Will the BJP indirectly help the LDF by drawing votes away from the Congress?
Yes. This is inevitable in a three-way contest. The BJP vote share has climbed to 12.93% but has won just one assembly seat in Kerala’s history. And needless to say these are votes which went traditionally to the Congress. While Christians have stayed with the Congress largely, a section of the upper rungs of Hindus have gone with BJP due to the Modi factor in the Lok Sabha elections. In this elections, there is no Modi factor. But if BJP retains its vote share, it is bad news for the Congress. A section of Christians too will back the BJP due to church infightings and the help they need from BJP in the never-ending fight over church properties.
If LDF wins again, what is the future of the Congress/UDF in Kerala?
The UDF has already suffered a blow with the Kerala Congress, a strong ally of the Congress for many years, going to the CPI(M) camp. The Muslims League and the Congress will stick together for they know the other option is to drown together. But not all Christian votes in central districts will shift away from the Congress, since Jose Mani, who leads the faction, does not have the clout that his father K.M. Mani had over the Christian population.
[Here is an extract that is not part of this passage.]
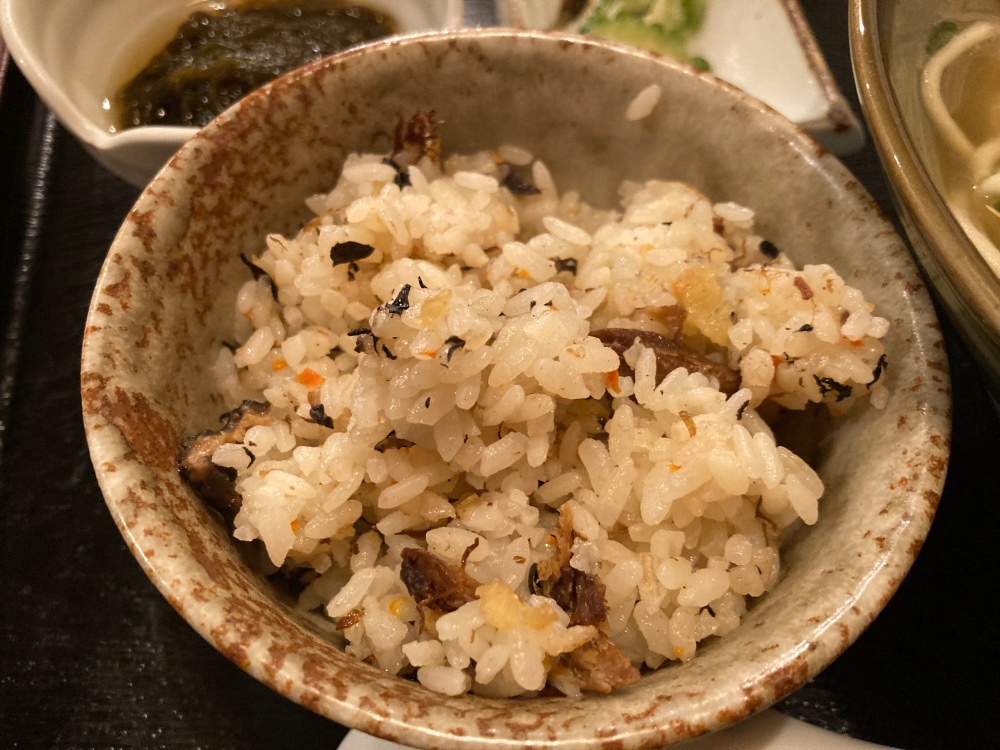 石垣島の『そば処 まーさん道』の八重山そばセット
Jose Mani is likely to get finance portfolio, which his father held for many years, if LDF sweeps to power. Is that the reason CPI(M) kept the formidable Thomas Isaac from contesting citing a ‘two-time contest’ formula? Congress has projected a Hindu, Ramesh Chennithala, as the possible CM, to get rid of its minority tag. It has also made the popular leader Muralidharan, a sitting MP, contest in the Nair stronghold of Nemom to send out a message to the Hindus of two possible chief ministerial candidates. This is not to rule out the 77-year-old Oomen Chandy, who hovers above everything.